I want to tell a story about two things.  First, I have no double vision.  Let me repeat that.  I am not wearing any opaque lense or other device but my old glasses that have to be several prescriptions behind, and I HAVE NO DOUBLE VISION.  How about that, eh?  The brain is a miraculous thing!  I do have an appointment with the neuro-oncologist next week  .  We’ll see what he has to say.

Also, the first kid to go back to school is leaving next Tuesday…..where did the summer go?  How did this happen?  How do we help them go back to school under such unsure circumstances?  Luckily for all of us, we have each seen counselors/psychologists who are working together to really help us ask the right questions, talk to the right people at each school, make sure exit plans are in place, etc, etc, etc.  This has helped give everyone at least a semblance of a plan, and point people to go to. 

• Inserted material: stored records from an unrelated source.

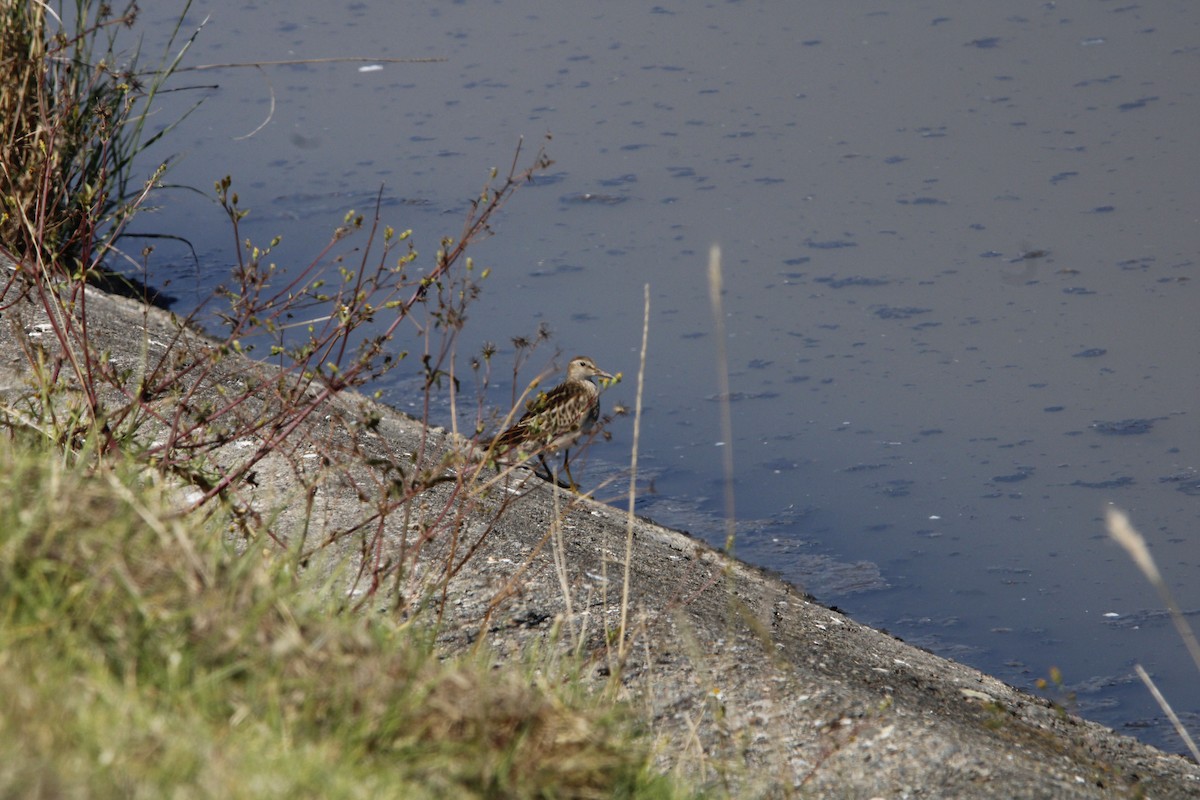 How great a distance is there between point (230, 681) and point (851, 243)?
6242 mm

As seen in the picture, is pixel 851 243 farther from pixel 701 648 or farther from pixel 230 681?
pixel 230 681

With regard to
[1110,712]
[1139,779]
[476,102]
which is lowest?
[1110,712]

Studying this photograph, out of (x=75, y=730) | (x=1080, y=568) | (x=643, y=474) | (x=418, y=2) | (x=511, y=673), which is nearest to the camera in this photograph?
(x=75, y=730)

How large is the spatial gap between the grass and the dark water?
10.4 ft

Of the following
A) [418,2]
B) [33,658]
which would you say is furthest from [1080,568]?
[418,2]

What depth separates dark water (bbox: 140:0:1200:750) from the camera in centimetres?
588

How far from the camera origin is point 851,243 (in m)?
8.03

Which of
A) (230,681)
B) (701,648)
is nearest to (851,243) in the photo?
(701,648)

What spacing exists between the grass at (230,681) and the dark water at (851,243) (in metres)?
3.18

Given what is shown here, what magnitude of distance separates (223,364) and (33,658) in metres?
3.87

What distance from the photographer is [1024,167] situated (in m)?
8.53

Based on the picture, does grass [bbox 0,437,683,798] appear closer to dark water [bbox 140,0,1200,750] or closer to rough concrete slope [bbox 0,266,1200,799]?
rough concrete slope [bbox 0,266,1200,799]

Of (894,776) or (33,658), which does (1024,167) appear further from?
(33,658)

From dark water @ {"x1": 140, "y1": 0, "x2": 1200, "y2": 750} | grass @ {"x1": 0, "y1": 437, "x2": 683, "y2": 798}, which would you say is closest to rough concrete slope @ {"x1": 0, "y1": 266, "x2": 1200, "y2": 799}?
grass @ {"x1": 0, "y1": 437, "x2": 683, "y2": 798} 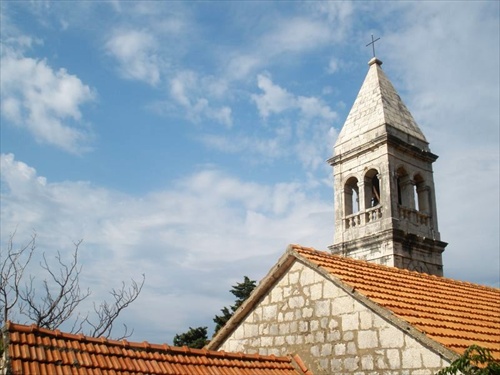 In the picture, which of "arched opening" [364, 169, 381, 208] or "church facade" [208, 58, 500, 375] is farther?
"arched opening" [364, 169, 381, 208]

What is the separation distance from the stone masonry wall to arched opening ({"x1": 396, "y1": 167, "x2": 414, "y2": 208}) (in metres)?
9.76

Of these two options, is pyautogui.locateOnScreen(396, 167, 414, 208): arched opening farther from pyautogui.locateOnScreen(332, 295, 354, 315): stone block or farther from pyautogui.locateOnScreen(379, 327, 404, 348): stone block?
pyautogui.locateOnScreen(379, 327, 404, 348): stone block

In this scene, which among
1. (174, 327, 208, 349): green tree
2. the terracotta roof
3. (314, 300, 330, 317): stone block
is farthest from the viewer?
(174, 327, 208, 349): green tree

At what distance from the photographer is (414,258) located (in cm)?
1596

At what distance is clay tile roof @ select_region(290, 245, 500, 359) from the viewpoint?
661 cm

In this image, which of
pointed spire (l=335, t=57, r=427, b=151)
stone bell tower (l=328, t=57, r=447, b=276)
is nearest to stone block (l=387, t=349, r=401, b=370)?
stone bell tower (l=328, t=57, r=447, b=276)

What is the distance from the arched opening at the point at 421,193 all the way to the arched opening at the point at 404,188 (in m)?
0.63

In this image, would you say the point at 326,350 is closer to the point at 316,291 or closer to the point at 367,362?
the point at 367,362

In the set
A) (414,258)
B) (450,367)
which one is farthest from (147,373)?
(414,258)

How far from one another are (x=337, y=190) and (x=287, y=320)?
1020 centimetres

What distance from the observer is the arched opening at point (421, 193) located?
57.5ft

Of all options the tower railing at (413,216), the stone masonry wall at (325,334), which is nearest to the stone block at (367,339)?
the stone masonry wall at (325,334)

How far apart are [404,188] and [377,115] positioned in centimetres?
266

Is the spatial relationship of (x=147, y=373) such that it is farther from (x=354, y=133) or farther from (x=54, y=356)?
(x=354, y=133) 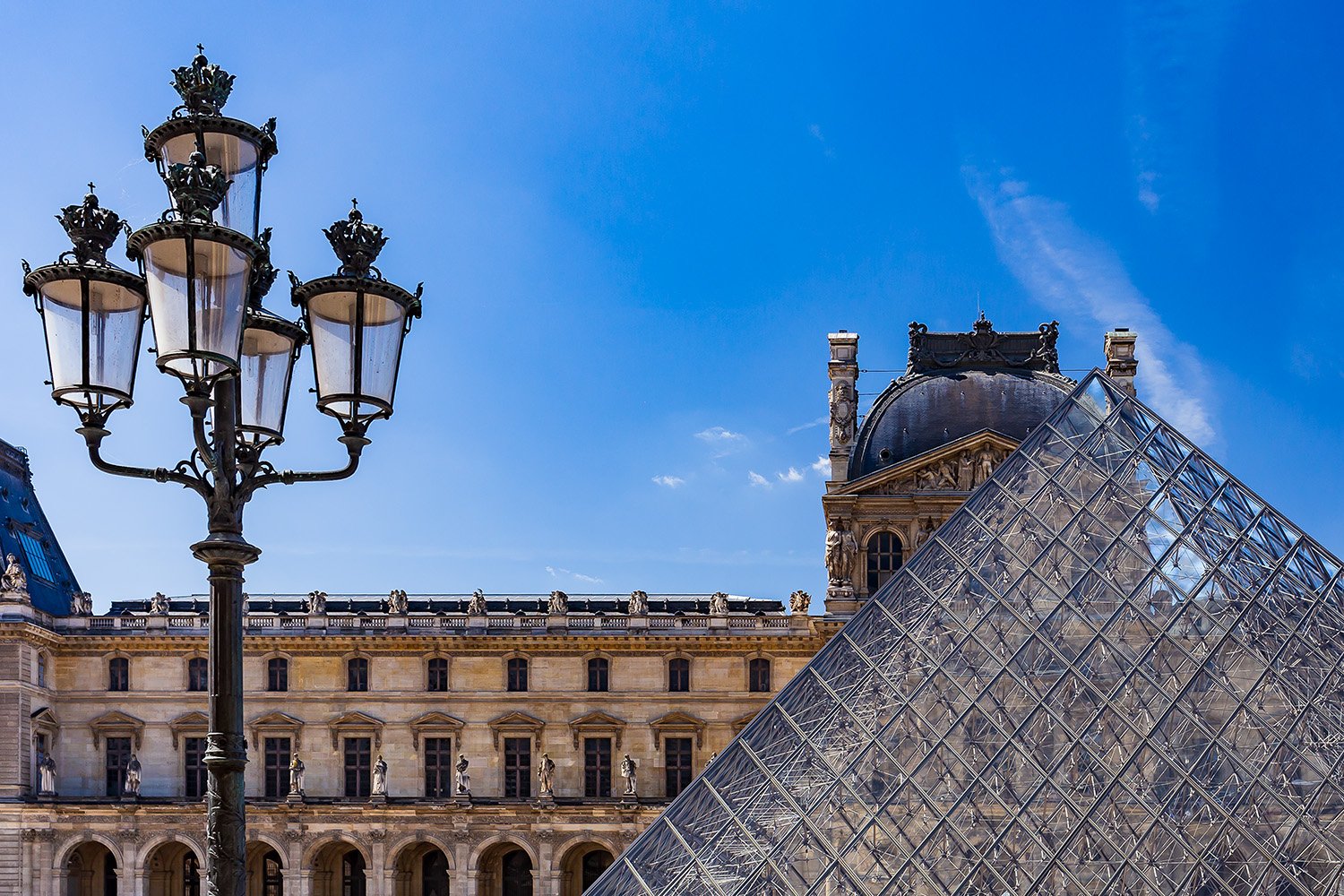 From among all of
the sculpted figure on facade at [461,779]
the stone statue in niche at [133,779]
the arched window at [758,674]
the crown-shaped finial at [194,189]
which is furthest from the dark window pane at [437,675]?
the crown-shaped finial at [194,189]

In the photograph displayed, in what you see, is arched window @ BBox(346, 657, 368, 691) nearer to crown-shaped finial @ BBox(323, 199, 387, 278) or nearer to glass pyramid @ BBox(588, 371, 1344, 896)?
glass pyramid @ BBox(588, 371, 1344, 896)

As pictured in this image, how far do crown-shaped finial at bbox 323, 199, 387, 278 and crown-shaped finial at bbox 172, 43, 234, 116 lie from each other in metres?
1.03

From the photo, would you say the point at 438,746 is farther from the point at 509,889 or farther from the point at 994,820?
the point at 994,820

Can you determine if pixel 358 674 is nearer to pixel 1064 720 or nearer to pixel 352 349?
pixel 1064 720

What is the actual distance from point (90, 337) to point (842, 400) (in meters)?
35.5

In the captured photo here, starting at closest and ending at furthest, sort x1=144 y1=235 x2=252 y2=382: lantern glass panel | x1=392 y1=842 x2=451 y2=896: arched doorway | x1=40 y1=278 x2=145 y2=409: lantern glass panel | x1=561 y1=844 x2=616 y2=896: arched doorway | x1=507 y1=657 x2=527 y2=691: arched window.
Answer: x1=144 y1=235 x2=252 y2=382: lantern glass panel, x1=40 y1=278 x2=145 y2=409: lantern glass panel, x1=561 y1=844 x2=616 y2=896: arched doorway, x1=392 y1=842 x2=451 y2=896: arched doorway, x1=507 y1=657 x2=527 y2=691: arched window

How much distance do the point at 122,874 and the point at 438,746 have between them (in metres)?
9.74

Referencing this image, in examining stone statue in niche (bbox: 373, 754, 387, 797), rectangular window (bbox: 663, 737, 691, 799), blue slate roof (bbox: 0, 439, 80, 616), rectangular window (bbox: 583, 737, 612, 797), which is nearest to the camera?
stone statue in niche (bbox: 373, 754, 387, 797)

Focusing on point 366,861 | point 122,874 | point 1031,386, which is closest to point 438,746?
point 366,861

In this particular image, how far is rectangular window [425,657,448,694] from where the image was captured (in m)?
44.4

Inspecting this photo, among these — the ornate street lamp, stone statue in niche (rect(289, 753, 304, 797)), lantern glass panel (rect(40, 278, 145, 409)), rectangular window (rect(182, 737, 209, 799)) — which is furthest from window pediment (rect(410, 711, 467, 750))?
lantern glass panel (rect(40, 278, 145, 409))

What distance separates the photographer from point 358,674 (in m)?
44.4

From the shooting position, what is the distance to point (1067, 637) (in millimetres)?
21828

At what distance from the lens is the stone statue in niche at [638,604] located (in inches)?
1765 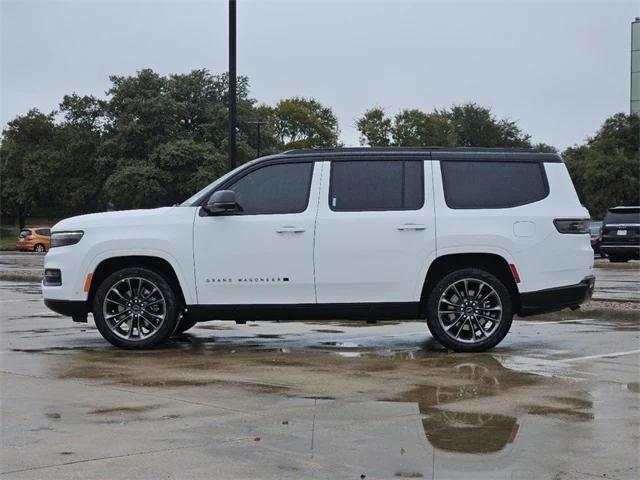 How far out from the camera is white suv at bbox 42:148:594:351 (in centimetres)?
1001

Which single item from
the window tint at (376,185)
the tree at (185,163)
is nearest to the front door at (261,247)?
the window tint at (376,185)

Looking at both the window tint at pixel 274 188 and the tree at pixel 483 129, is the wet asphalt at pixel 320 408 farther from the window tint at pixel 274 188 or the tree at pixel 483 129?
the tree at pixel 483 129

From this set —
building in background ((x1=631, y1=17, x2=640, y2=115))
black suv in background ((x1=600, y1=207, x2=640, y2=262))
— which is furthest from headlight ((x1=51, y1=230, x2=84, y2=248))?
building in background ((x1=631, y1=17, x2=640, y2=115))

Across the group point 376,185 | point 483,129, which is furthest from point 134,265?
point 483,129

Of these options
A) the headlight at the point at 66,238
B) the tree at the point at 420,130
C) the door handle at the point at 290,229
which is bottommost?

But we finally sat down with our remarkable kids and really asked them what they were afraid of, what they wanted to know, etc, etc, and it was the best talk we have ever had.  I don’t want to reveal to much of what was said, but if I never have another minute to talk to them, that would have been enough.  They feel totally surrounded by love and always have felt so, and they know they will be ok as they have each other.  We tried to give them some over-view of what might happen to me medically in the next 6 months to a year, but even the oncologist is at a loss as I am always a weird outlier (which I’ll take at this point).  The hospice nurse (wonderful) is meeting with the kids on Friday to go over what happens to a person as they are dying (breathing changes, hand, skin, how things won’t be scary, more sleeping, etc) things we doctors think everyone knows, right?  Of course they don’t!  Our children especially. 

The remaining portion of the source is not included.